L’idée est de mettre en place une organisation efficace pour élaborer des politiques sectorielles régionales tout en respectant les orientations nationales. Des projets territoriaux importants pourront voir le jour, à condition d’opter pour une approche d’action globale qui met l’accent sur plusieurs volets dont les incitations aux entreprises, la gestion foncière, la mise à niveau des agglomérations urbaines, l’amélioration des conditions de vie des citoyens, la formation des ressources humaines, la mise en valeur du patrimoine territorial… On s’attend à ce que la mise en œuvre des dispositions de la charte crée une nouvelle vision de gouvernance pour rendre les régions attractives à travers la réalisation des projets de territoire, levier d’accélérateur de développement. Mais sans le renforcement des pouvoirs des responsables locaux, il s’avère difficile d’accélérer le rythme de développement au niveau régional. Jusque-là, les administrations régionales ne disposent ni de l’autonomie, ni du budget nécessaire leur permettant de prendre des décisions sans recourir à l’administration centrale. Il s’agit d’un véritable frein au développement local.
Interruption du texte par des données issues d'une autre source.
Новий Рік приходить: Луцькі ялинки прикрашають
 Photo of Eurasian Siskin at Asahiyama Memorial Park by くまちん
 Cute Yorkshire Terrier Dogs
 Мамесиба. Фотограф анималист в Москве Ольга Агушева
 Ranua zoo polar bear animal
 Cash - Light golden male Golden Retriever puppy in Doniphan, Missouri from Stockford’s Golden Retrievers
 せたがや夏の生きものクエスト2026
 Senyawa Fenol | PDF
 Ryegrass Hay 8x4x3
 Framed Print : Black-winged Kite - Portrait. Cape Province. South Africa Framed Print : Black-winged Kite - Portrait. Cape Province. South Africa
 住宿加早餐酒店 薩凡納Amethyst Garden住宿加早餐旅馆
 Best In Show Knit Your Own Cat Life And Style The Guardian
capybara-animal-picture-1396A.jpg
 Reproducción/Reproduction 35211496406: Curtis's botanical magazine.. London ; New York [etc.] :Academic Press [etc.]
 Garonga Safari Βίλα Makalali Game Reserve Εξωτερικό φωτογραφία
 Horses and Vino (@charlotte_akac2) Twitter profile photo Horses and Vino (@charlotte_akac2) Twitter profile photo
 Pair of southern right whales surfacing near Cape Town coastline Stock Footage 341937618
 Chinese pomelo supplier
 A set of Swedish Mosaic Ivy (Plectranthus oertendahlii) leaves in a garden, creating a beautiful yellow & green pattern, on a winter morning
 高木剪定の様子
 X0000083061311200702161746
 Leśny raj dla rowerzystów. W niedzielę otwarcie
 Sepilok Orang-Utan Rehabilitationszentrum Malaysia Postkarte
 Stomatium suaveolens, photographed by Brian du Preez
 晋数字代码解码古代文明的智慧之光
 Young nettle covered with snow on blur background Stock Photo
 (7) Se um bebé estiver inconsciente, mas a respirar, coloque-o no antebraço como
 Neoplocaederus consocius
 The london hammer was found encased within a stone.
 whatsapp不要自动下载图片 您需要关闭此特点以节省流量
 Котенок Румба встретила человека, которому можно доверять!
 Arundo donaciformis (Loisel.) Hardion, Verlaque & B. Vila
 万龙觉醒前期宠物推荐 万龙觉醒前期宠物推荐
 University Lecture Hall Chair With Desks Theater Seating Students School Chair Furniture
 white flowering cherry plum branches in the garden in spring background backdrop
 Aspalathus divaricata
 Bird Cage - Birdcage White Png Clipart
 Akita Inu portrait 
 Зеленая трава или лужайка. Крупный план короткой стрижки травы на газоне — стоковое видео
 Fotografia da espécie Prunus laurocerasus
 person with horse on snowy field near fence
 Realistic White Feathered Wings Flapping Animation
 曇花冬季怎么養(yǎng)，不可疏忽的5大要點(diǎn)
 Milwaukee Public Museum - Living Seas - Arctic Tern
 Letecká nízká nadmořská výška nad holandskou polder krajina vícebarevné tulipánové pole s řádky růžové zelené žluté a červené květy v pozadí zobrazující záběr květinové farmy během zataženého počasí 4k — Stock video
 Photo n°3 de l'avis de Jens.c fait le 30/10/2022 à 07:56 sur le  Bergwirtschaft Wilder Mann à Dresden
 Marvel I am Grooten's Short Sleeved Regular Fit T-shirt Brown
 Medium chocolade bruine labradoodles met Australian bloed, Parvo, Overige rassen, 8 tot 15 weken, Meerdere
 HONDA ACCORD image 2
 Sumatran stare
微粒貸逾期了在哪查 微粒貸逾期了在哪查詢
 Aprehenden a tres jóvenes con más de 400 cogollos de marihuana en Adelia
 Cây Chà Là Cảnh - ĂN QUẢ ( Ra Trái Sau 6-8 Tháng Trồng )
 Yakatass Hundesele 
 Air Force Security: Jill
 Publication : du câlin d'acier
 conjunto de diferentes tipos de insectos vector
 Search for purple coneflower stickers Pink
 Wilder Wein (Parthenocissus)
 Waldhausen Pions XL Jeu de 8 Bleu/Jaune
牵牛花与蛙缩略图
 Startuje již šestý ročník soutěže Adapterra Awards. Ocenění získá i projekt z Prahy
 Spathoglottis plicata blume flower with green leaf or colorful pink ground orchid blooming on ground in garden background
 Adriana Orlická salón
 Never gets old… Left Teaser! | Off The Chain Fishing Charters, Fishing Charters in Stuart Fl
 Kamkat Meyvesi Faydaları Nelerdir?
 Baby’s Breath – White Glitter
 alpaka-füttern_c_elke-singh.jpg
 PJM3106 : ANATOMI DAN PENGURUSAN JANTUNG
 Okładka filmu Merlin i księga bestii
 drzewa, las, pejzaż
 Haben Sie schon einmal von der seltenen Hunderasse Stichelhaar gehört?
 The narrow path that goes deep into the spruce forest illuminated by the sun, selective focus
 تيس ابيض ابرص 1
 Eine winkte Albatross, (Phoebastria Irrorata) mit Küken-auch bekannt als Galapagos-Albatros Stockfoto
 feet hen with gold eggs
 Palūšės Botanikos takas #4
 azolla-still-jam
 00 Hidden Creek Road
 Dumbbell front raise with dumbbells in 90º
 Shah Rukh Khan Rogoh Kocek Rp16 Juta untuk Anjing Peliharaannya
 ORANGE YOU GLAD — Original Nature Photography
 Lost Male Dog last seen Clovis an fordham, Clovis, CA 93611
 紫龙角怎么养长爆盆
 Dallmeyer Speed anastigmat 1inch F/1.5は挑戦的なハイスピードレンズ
Cette situation est appelée à changer grâce au chantier de la déconcentration administrative en déléguant le maximum des pouvoirs de l’administration centrale aux directions régionales. Comme nous l’avons déjà souligné, aux Inspirations Éco, des pôles interministériels par type d’activité seront constitués au niveau régional. Chaque région devra adapter les politiques nationales à ses spécificités. Les acteurs locaux sont, en effet, les mieux placés pour concevoir et mettre en place les stratégies de développement de leur propre région à condition que la coordination soit efficace. Dans ce cadre, le rôle du wali sera confirmé en tant que représentant du pouvoir central en région. Quant aux élus, les lois sur la régionalisation ont déjà régi leur relation avec les walis et les gouverneurs. 


Rachid Labker
Professeur de droit public

Les ÉCO :  Quelles sont les conséquences du retard accusé dans la mise en œuvre de la charte de la déconcentration administrative ?   
Rachid Labker : Depuis les assises sur les collectivités locales en 1998, la question de la nécessité de la délégation des pouvoirs et de la déconcentration administrative est mise au devant de la scène. Le débat a été lancé. Plusieurs textes ont été adoptés. Mais aucune loi n’a porté sur la déconcentration. Le gouvernement d’alternance a organisé le dialogue national sur l’aménagement du territoire national qui a jeté la lumière sur plusieurs questions, dont la nécessité de la révision du système de régionalisation et de décentralisation.
 
Que doit contenir la future charte de la déconcentration ?
Plusieurs attributions doivent être déléguées au niveau régional. Sur le plan financier, à titre d’exemple, on peut définir un seuil relevant des attributions régionales sans recourir à la validation de l’administration centrale pour accélérer la prise de décision. L’administration au niveau local doit être accompagnée par toutes les instances décisionnelles pour que toutes les administrations soient représentées localement. L’approche partenariale s’avère aussi de la plus haute importance.

À quoi est dû ce retard ?
Le retard est dû à deux facteurs. Le premier est d’ordre psychologique. Les pouvoirs publics demeurent toujours méfiants du local en tant que petite structure dont on n’arriverait pas à maîtriser le développement. Le deuxième facteur est d’ordre financier. La déconcentration est coûteuse et nécessite des cadres compétents, des administrations performantes et une bonne logistique. À l’heure actuelle, les administrations locales souffrent du manque de moyens et de cadres.